The Canadian residential mortgage market has been "boring, but effective" in recent years, according to International Monetary Fund economist John Kiff.
The Canadian residential mortgage market has been "boring, but effective" in recent years, according to International Monetary Fund economist John Kiff.
In a report released by the IMF - and referenced by the Globe and Mail yesterday - Kiff examines numerous nuances of the Canadian and American mortgage lending markets and concludes the two have noteworthy differences but remain competitive when it comes to rates and products.
"It's not hard to conclude that Canadian fixed-term rates on prime mortgage loans are quite competitive with their U.S. counterparts," he said.
One distinction noted in the report was that in Canada, the amount of mortgage-originating depository institutions has "increased significantly" while in the U.S., the deposit-taking institution share of residential mortgage loan holdings has dropped 75 per cent over the past 40 years. Kiff also pointed out Canada's percentage of securitized loans is less than half of the U.S.'s 60 per cent securitization rate.

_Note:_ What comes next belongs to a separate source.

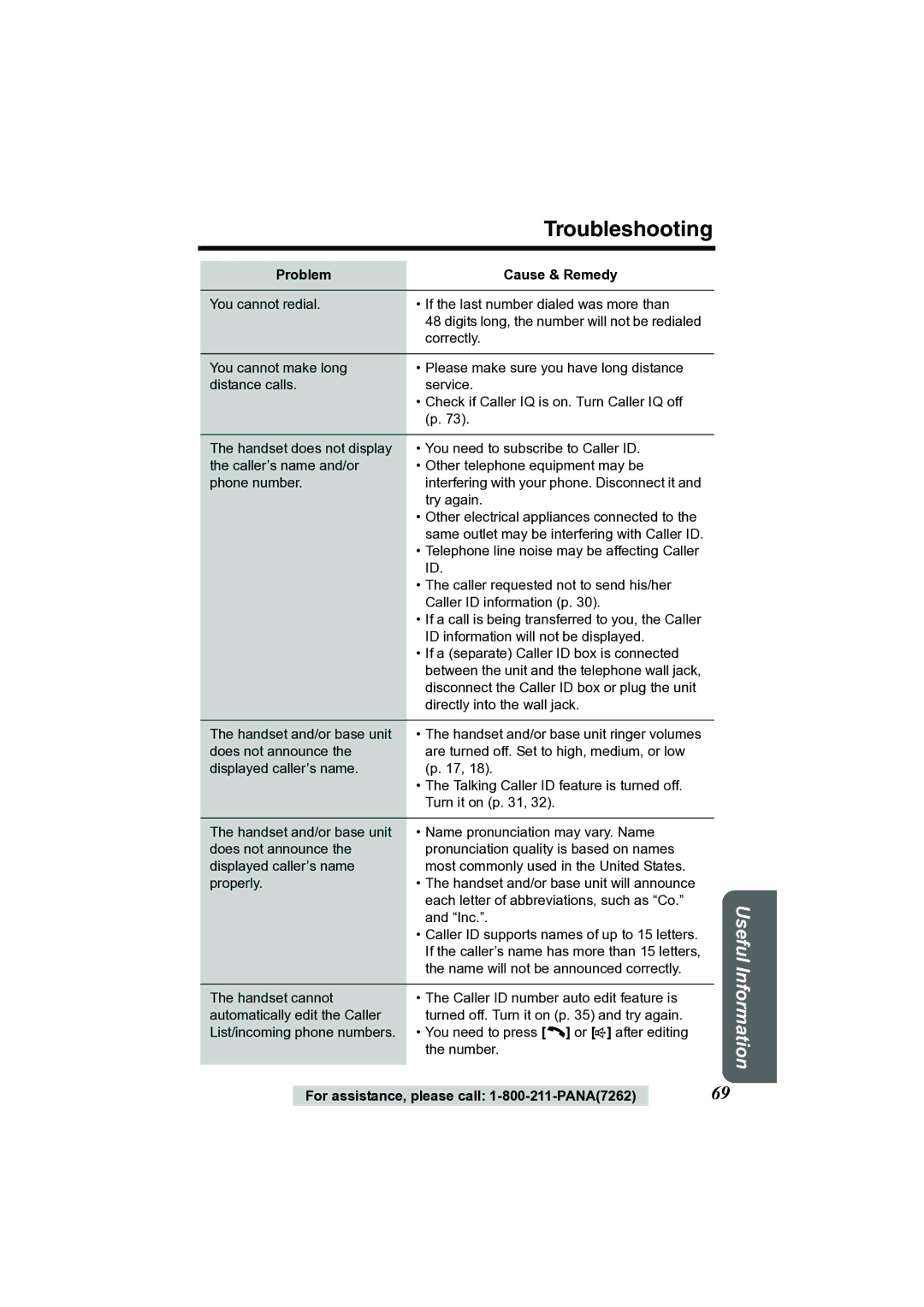 Panasonic KX-TG2356 operating instructions Troubleshooting 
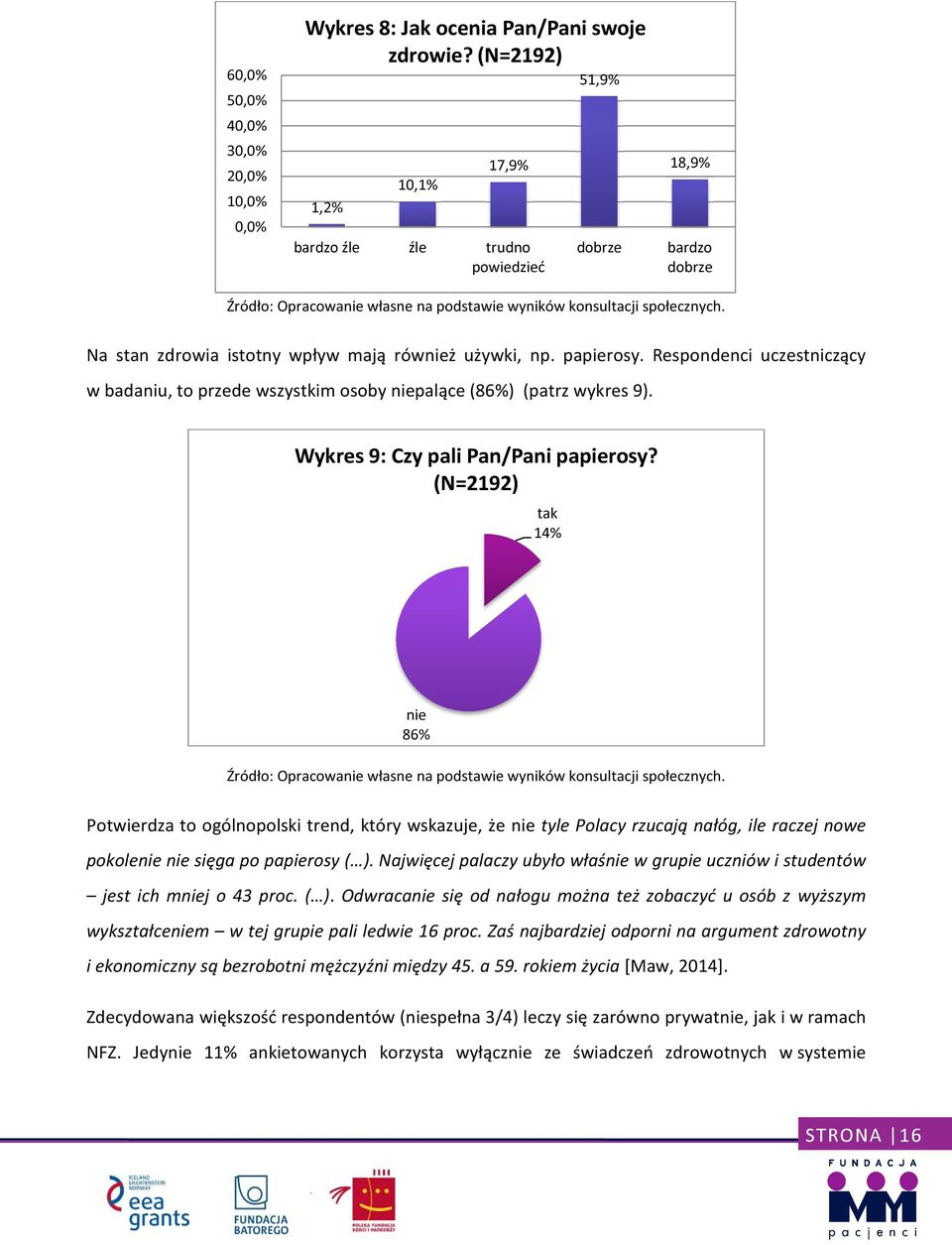 Respondenci uczestniczący w badaniu, to przede wszystkim osoby niepalące (86%) (patrz wykres 9). Wykres 9: Czy pali Pan/Pani papierosy?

In explaining why the U.S. foreclosure rate has gone up while the Canadian rate has not, the report said Canada's policy on mortgage insurance means that the full amount of the loan is covered as opposed to the U.S., where mortgage insurance only covers losses that exceed the LTV ceiling. Canadian lenders also have recourse to all the borrower's assets and income if their loan goes to foreclosure, whereas in the U.S., similar action is too expensive, impractical or legally impossible.
Another stabilizing factor for Canada, Kiff noted, was the option for borrowers to pick between weekly, biweekly, semimonthly, or monthly payment schedules, which he said have helped keep Canadian mortgage delinquency rates in check.